<table border="1" cellspacing="0" cellpadding="8">
    <tr>
        <th>Issue</th>
        <td>
            <a href=https://github.com/llvm/llvm-project/issues/56316>56316</a>
        </td>
    </tr>

    <tr>
        <th>Summary</th>
        <td>
            Missed oppurtunity to fold vmerge into using vadd
        </td>
    </tr>

    <tr>
      <th>Labels</th>
      <td>
            backend:RISC-V,
            performance
      </td>
    </tr>

    <tr>
      <th>Assignees</th>
      <td>
      </td>
    </tr>

    <tr>
      <th>Reporter</th>
      <td>
          preames
      </td>
    </tr>
</table>

<pre>
    This is a performance opportunity noted when analyzing sqlite3. Filing this with reproduction instructions for the original observation and some analysis below, plan to follow up with reduced test cases when I have some time.

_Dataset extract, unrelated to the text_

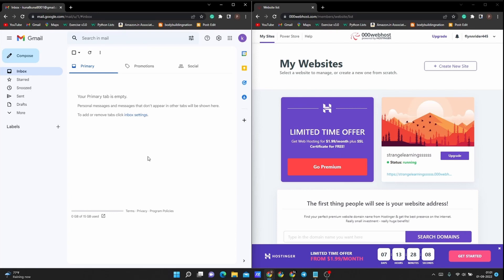Have you ever wondered about spoofing emails? Obviously you might have since you're on this video, but have you ever wondered how effortless and easy it can be? What if I say you can just do that in just a few lines of code? You can send a spoofed email in a few lines of PHP code. Yes, that is possible.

`$clang -isystem $GNU_TOOLCHAIN_DIR/sysroot/usr/include/ --target=riscv64 -mllvm -riscv-v-vector-bits-min=256 -mllvm -scalable-vectorization=on -Xclang -target-feature -Xclang +v,+f,+m,+c,+d,+zba sqlite-autoconf-3380500/sqlite3.c -c -O2 -g`

The amalgamation file is taken from the sqlite3 website.

Non optimal assembly observed:

```
    vmv.v.i    v16, 9
.LBB785_98: <-- this is a loop header, v16 does not change in loop
    vsetvli    zero, zero, e8, m1, ta, mu
    vluxei64.v    v17, (s4), v8
    vand.vx    v18, v17, a4
    vmseq.vi    v0, v18, 0
    vmerge.vim    v18, v16, 0, v0
    vadd.vv    v17, v18, v17
```
We're using the vmerge to materialize a vector of either 9 or zero depending on a mask.  This can be folded into the consuming add by simply doing a masked add of 9.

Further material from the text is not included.